Premised by this knowledge, we now begin to realize that reforestation is not and will never be able to replace the original forest. Reforestation efforts are merely providing a temporary vegetative cover that cannot be compared with the structure of the original forest, much less to compare it with the latter’s productive efficiency and biodiversity. Here are other premises to support this contention.

1. Nature, and not man, determines the species composition and combination in a forest. We may be referring to a woodland - not a forest - when we see Gmelina, Ipil-ipil and Teak plantations. These are intended to produce commercial wood or pulpwood for paper.
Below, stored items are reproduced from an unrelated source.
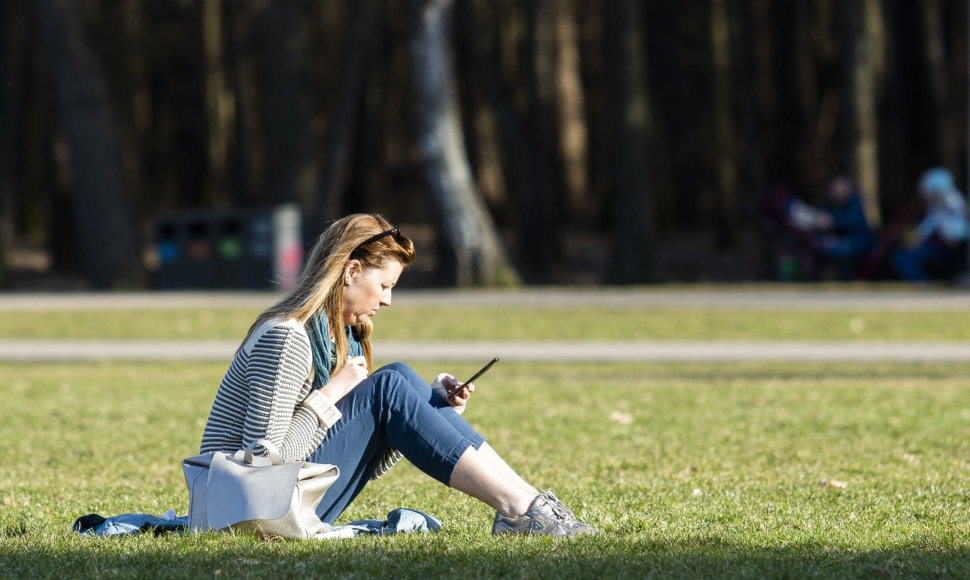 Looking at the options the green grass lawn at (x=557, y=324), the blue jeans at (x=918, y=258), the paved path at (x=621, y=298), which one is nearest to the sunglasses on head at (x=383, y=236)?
the green grass lawn at (x=557, y=324)

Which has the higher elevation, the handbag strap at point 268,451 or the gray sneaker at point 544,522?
the handbag strap at point 268,451

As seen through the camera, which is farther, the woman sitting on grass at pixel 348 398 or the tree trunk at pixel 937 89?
the tree trunk at pixel 937 89

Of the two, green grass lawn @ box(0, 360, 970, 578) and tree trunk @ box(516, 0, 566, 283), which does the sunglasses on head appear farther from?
tree trunk @ box(516, 0, 566, 283)

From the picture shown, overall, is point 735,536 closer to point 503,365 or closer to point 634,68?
point 503,365

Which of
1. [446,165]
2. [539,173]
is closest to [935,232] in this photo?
[446,165]

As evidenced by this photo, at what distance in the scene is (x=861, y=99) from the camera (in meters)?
22.0

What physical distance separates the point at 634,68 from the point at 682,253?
277 inches

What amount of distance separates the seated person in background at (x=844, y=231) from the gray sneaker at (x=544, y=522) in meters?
16.4

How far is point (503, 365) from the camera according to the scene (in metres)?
12.5

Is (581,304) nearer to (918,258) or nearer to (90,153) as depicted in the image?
(918,258)

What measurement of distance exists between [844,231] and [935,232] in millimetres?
1335

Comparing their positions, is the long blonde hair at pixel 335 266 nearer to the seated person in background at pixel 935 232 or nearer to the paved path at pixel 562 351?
A: the paved path at pixel 562 351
2. The landscape and the forest developed together - geographically, geologically, and biologically. Streams and springs are full because trees store rainwater in the ground; the roots and natural vegetative cover check erosion and siltation. Thus the death of a forest means also the death of streams, drying of river, silting of lakes and ponds into swamp, meandering of rivers, etching of gullies on hills and mountainsides, to mention but a few consequences.

3. Abandoned deforested areas continue to lose not only soil fertility; they lose the entire soil structure, beginning with the most fertile topsoil to the clay foundation next to bedrock. In short, through erosion the foothold built for thousands of years could be lost permanently. We can only surmise what kinds of plant grow in such situation. It is not surprising to see wasteland of talahib and cogon grass on former forestlands.

4. The forest creates a mini-climate. Forest attracts clouds. Transpiration enhances precipitation so that rain occurs anytime of the day, hence the name rainforest. All this can be permanently lost with the destruction of the forest. This explains why desertification (formation of desert) starts at deforested areas. Southern Cebu, in spite of its proximity to sea, is a typical example where one can observe the pathetic gnawing process. This can be observed also on the Sierra Madre starting in Bulacan, and on extensive areas along the narrow strip of the Ilocos region.